Please read Dr. Panettieri’s article in JAMA titled, “Abatacept, Cenicriviroc, or Infliximab for Treatment of Adults Hospitalized With COVID-19 Pneumonia A Randomized Clinical Trial.”
The immunopathology of COVID-19 involves aberrant immune cell function and dysregulation of cytokine and chemokine networks. The RECOVERY trial demonstrated a mortality benefit for dexamethasone for hospitalized participants receiving supplemental oxygen, making it a mainstay of anti-inflammatory treatment for COVID-19. Despite therapeutic advances, considerable morbidity and mortality remain, spurring continued evaluation of therapeutic approaches.
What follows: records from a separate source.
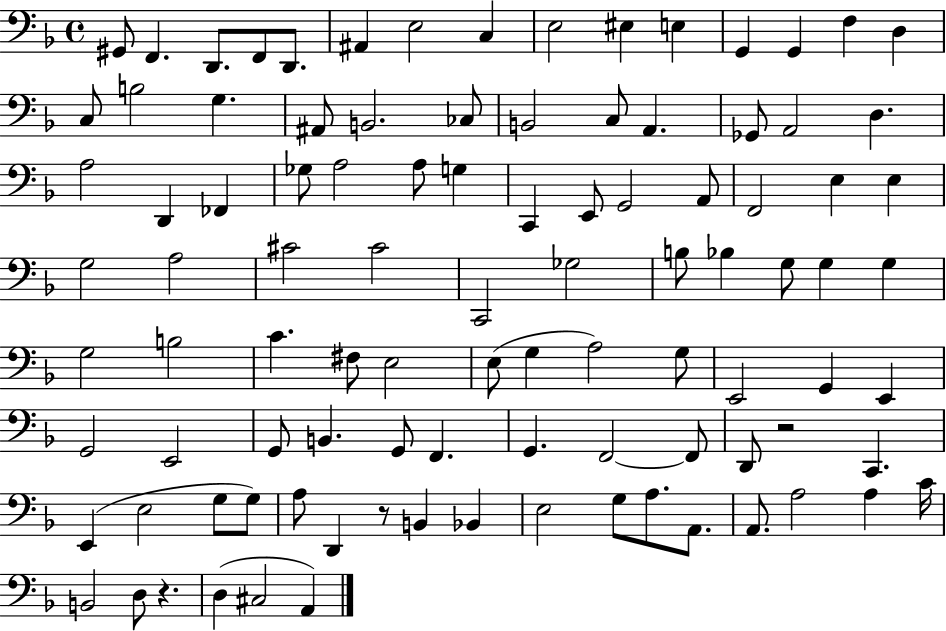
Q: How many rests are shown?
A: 3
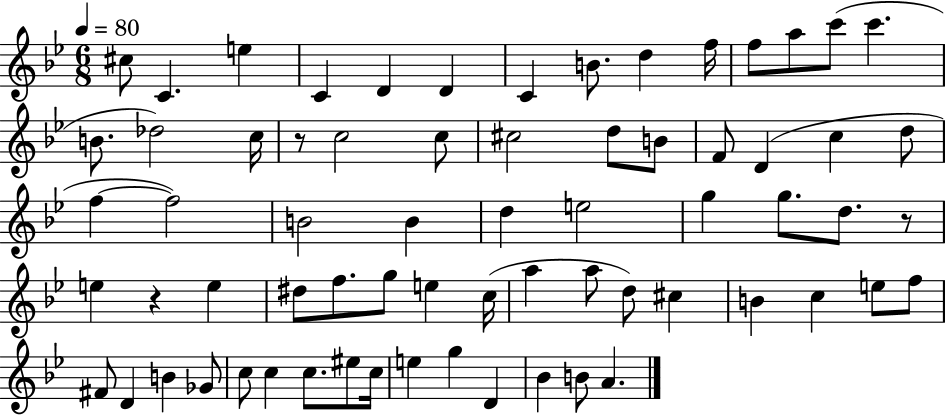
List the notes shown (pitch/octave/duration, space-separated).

C#5/e C4/q. E5/q C4/q D4/q D4/q C4/q B4/e. D5/q F5/s F5/e A5/e C6/e C6/q. B4/e. Db5/h C5/s R/e C5/h C5/e C#5/h D5/e B4/e F4/e D4/q C5/q D5/e F5/q F5/h B4/h B4/q D5/q E5/h G5/q G5/e. D5/e. R/e E5/q R/q E5/q D#5/e F5/e. G5/e E5/q C5/s A5/q A5/e D5/e C#5/q B4/q C5/q E5/e F5/e F#4/e D4/q B4/q Gb4/e C5/e C5/q C5/e. EIS5/e C5/s E5/q G5/q D4/q Bb4/q B4/e A4/q.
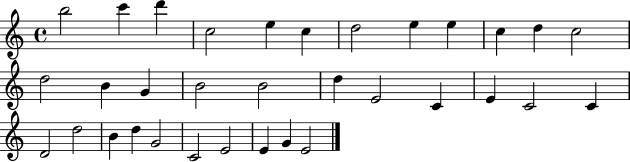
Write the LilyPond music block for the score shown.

{
  \clef treble
  \time 4/4
  \defaultTimeSignature
  \key c \major
  b''2 c'''4 d'''4 | c''2 e''4 c''4 | d''2 e''4 e''4 | c''4 d''4 c''2 | \break d''2 b'4 g'4 | b'2 b'2 | d''4 e'2 c'4 | e'4 c'2 c'4 | \break d'2 d''2 | b'4 d''4 g'2 | c'2 e'2 | e'4 g'4 e'2 | \break \bar "|."
}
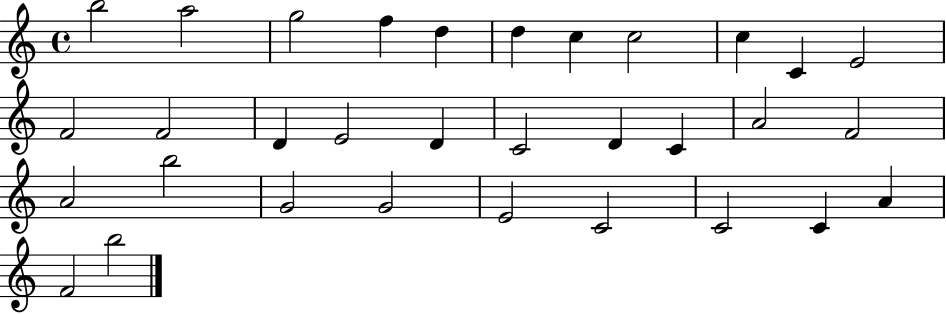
X:1
T:Untitled
M:4/4
L:1/4
K:C
b2 a2 g2 f d d c c2 c C E2 F2 F2 D E2 D C2 D C A2 F2 A2 b2 G2 G2 E2 C2 C2 C A F2 b2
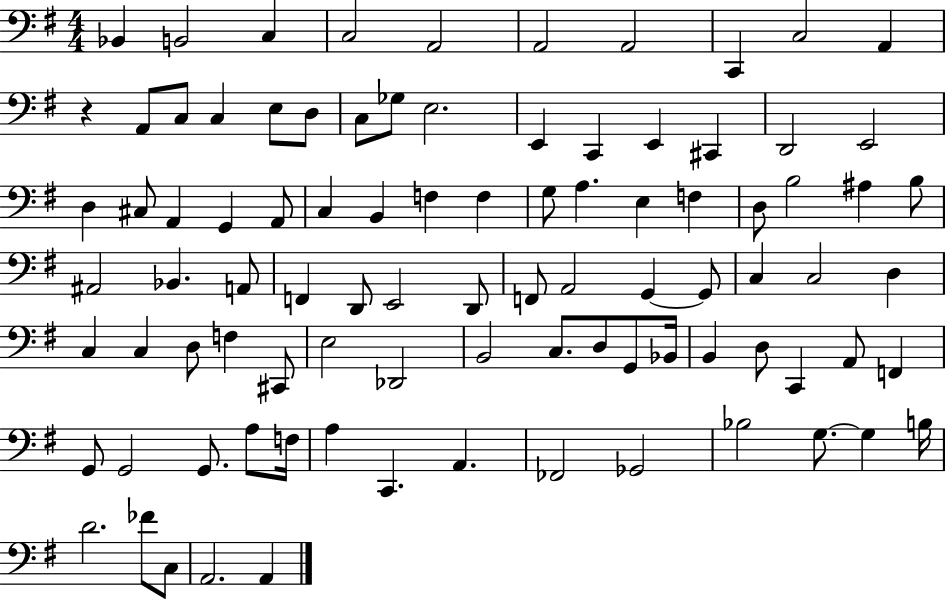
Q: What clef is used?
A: bass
Medications disrupting IL-6 signaling (tocilizumab) and the Janus kinase pathway (baricitinib) show benefit in the most severely ill patients with COVID-19.In April 2020, the US National Institutes of Health (NIH) launched a public-private partnership, Accelerating COVID-19 Therapeutic Interventions and Vaccines (ACTIV), to develop a coordinated research response to COVID-19. The ACTIV-1 Immune Modulator (IM) master protocol evaluated immunomodulatory agents in hospitalized participants with moderate/severe COVID-19. Three agents were selected for study based on their novel mechanisms of action and in vitro data against SARS-CoV-2. These included abatacept (T-cell costimulatory modulator that mitigates T-cell responses), cenicriviroc (CCR2/CCR5 antagonist that reduces monocyte and macrophage functions while sparing neutrophil and T-cell function), and infliximab (tumor necrosis factor α [TNF] inhibitor that binds and neutralizes soluble and transmembrane TNF). Considerable safety data exist for abatacept and infliximab for other inflammatory disorders. This study reports the results of 3 randomized, double-masked, placebo-controlled substudies of abatacept, cenicriviroc, and infliximab plus standard care for COVID-19 pneumonia. To read the full article.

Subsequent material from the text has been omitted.